Like I mentioned, I didn’t give it much thought. I’d learned long ago to mind my own fucking business. Not that I wanted to intrude. Not my style. Not anything I needed. I didn’t mingle with young white boys or old-school bangers with guns. But when a second young white guy was shot a week later, this time coming out of Chubby’s with a beef-and-bean special in his hand, I admit it gave me pause. It looked like someone had declared war on gentrification, and odds were that I knew that someone. I’d probably gone to Horace Mann Middle School with the dude, and if he hadn’t dropped out or checked into juvie or knocked up some shorty and was hiding out from her old man, we might’ve sat in the same row of desks in Mrs. Calabrese’s history class at North High.

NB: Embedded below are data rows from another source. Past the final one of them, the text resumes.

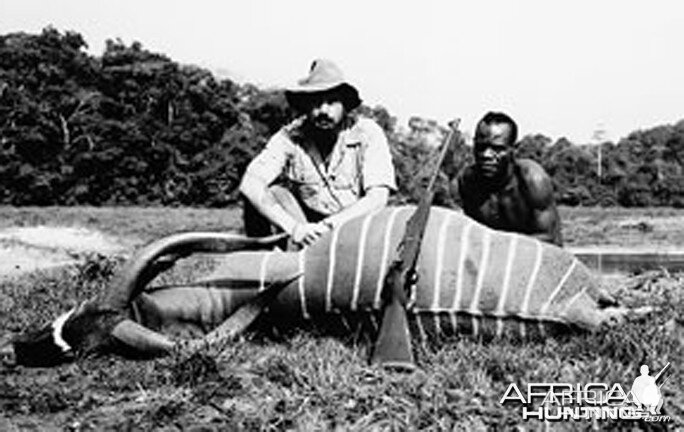 Jorge Alves de Lima, Professional Hunter, with Bongo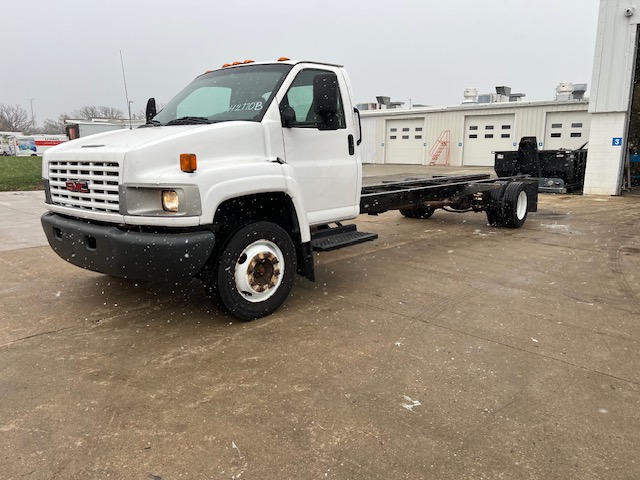 Used 2008 26 ' Cab and Chassis for sale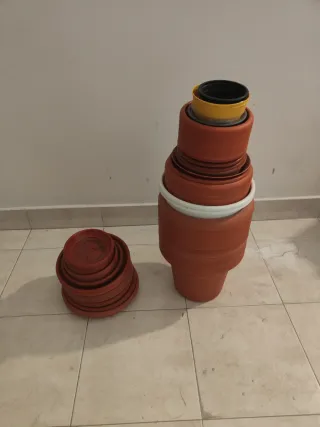 Macetas y platos de plástico terracota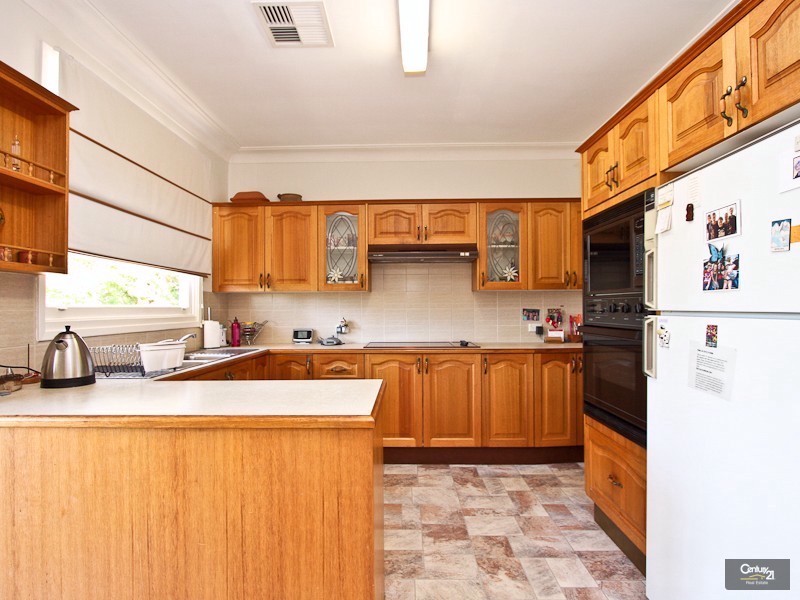 418 Warners Bay Road, Charlestown NSW 2290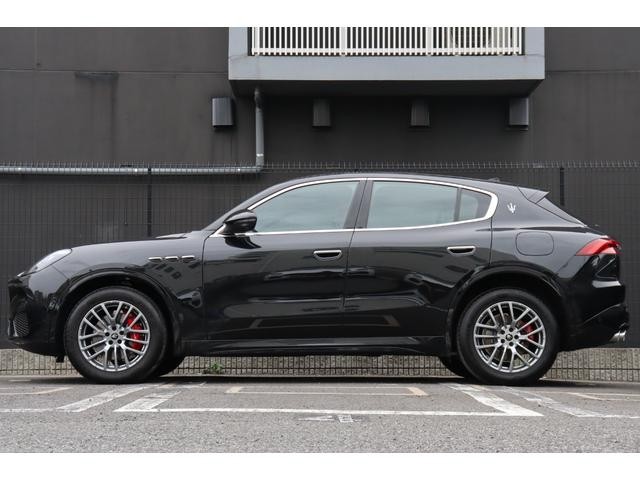 0570734A30260708W00303.jpg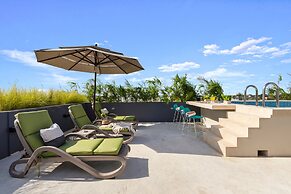 Ocean Boutique Condos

The second shooting caught everyone’s attention. “The Denver Shooter” became the hot topic at family dinners or when we watched the Broncos games. Old friends I ran into had wild opinions and speculations about the killer, and radio talk show hosts spewed even wilder conspiracy theories meant to explain the shooter. I never brought up any of my own ideas. My thinking got as far as a crazy dude with a gun, which, in my experience, was all anyone really needed to know.

TV news reporters flocked to the area, where they waited to interview people coming out of bars and restaurants in what they called the Highlands and LoHi — what we called the Northside. I heard one of the reporters talk about rising tensions, community town halls, and city council debates, and then ask a smiling couple pushing a baby carriage if they felt safe walking the streets of their new hometown. They kind of giggled and shuffled their feet and then they said, “Of course” — what else could they say, right? No way they wanted their mama and papa back in Chicago or their friends in Boston to think they’d made a mistake moving to a million-dollar house in Denver. So, hell no, they weren’t afraid.